Pourquoi j'aime : montrer le côté lumineux de HK-47 dans Knights of the Old Republic





Conjecture : commencer chaque article sur HK-47 par un nom est prévisible et paresseux. Assertion : Je m'en fiche, car je saisirai toutes les occasions de parler des Chevaliers de l'Ancienne République, et plus précisément de mon doombot aux yeux de poignard préféré.

Mais ralentissons. Il ya un problème. J'ai joué à KOTOR en tant que Jedi Jesus, passant de planète en planète dans l'Ebon Hawk, résolvant même les problèmes les plus banals gratuitement. J'aurais dû détesté HK-47 et son indifférence préprogrammée pour la vie humaine (ou, à tout le moins, souffla et dit des choses critiques à d'autres Jedi derrière son dos).



Mais je ne l'ai pas fait. Nous étions copains. J'ai adoré le processus de réparation, de récupération de ses souvenirs, d'amélioration de sa dextérité. J'ai adoré dépasser ses attentes (certes très faibles). Mais par-dessus tout, j'adorais l'entraîner dans mes aventures altruistes à travers l'espace, le faisant se tenir là comme un triste mannequin de bronze pendant que je faisais des choix qu'il méprisait. Voudriez-vous que je le fasse exploser, maître ?, demandait HK-47, avec un peu de chance. Non merci, HK-47, je rirais, comme un con moralisateur. Toute vie est précieuse. Ou du moins, tous lié à l'histoire la vie est précieuse. Je réglerai cela par des négociations pacifiques et une utilisation judicieuse de mes pouvoirs Jedi. Si HK-47 avait des lèvres, il aurait grondé.

Sa dévotion aux yeux rouges envers le mal a contribué à encadrer le merveilleux paradoxe que j'ai créé. L'artiste officiellement connu sous le nom de Revan the Butcher aidait maintenant les étrangers Twi'lek à passer des auditions de danse. HK-47 s'attendait à un meurtre, à un étouffement forcé et à une vengeance - à la place, il a eu le Light Side Dalai Lama. Un homme qui a joyeusement traversé le temps et l'espace pour retrouver Gizka. Avec le recul, cela devait être une saveur particulière de l'enfer pour HK-47. Il a connu Revan quand il était le Seigneur des Ténèbres des Sith. C'était comme si le pire type de jock retrouvait son frère d'enfance, seulement pour découvrir qu'il avait lancé un bar biologique Kombucha appelé Teasy Lover.

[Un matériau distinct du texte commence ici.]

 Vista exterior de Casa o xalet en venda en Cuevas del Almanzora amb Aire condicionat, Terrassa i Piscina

Le meilleur de tous, il m'a aidé à voir un côté du jeu que j'avais peur de découvrir de première main. Je me sens coupable même des plus petites transgressions morales dans les jeux vidéo. Chaque tentative que j'ai jamais faite pour jouer à un jeu Bioware en tant que dur à cuire s'est soldée par une haine de soi et un échec. J'ai essayé de devenir Full Bastard sur une sauvegarde alternative de KOTOR, mais j'ai à peine duré une heure, et je me sens toujours coupable d'avoir forcé un Wookie qui me devait une dette à vie à assassiner son meilleur ami. Je suis sensible comme ça. Mais en traînant avec HK-47, je pouvais regarder à travers la boîte aux lettres du côté obscur, faire semblant de me souvenir de l'horrible merde que Revan avait l'habitude de faire, et ne jamais ressentir de culpabilité.

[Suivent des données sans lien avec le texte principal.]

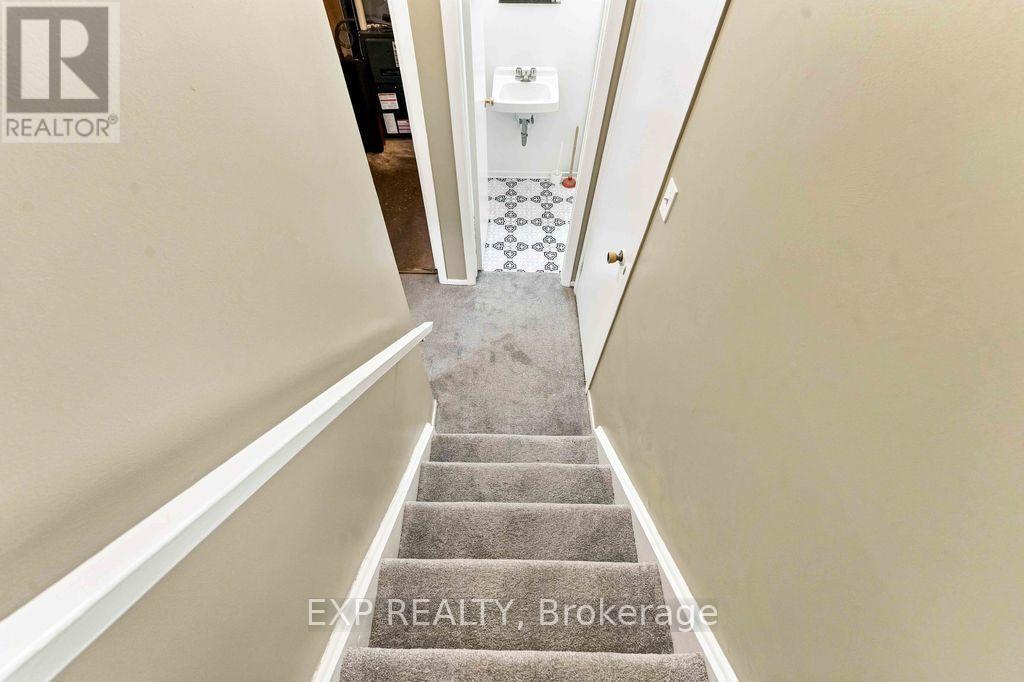 3 Bed, 2 Bath House for Sale in Ottawa – 30A – 30A WOODVALE GREEN, Ottawa – MLS# X13767788 - Image 23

C'est pourquoi je l'aime. HK-47 est le meilleur mauvais personnage de Bioware parce que je n'ai pas à me soucier de le réformer. Il ne quittera pas mon parti s'il n'est pas d'accord avec moi. Je n'ai pas besoin de faire semblant d'aimer la poésie pour qu'il couche avec moi. C'est une poubelle de méchanceté, incapable de toute émotion autre que la haine, donc je ne me sentirai jamais mal de le décevoir. Il peut grogner avec chaque acte de Light Side et notre amitié restera solide comme du plastacier. Je peux l'emmener en mission pour narguer Bastila et Carth, et je peux ricaner dans ma barbe sans rien dire. Mais surtout, il est si mauvais qu'il me fait me sentir encore mieux d'être l'homme le plus gentil de la galaxie. Alors merci, HK-47, espèce de beau bâtard maléfique. Tu m'as fait me sentir bien.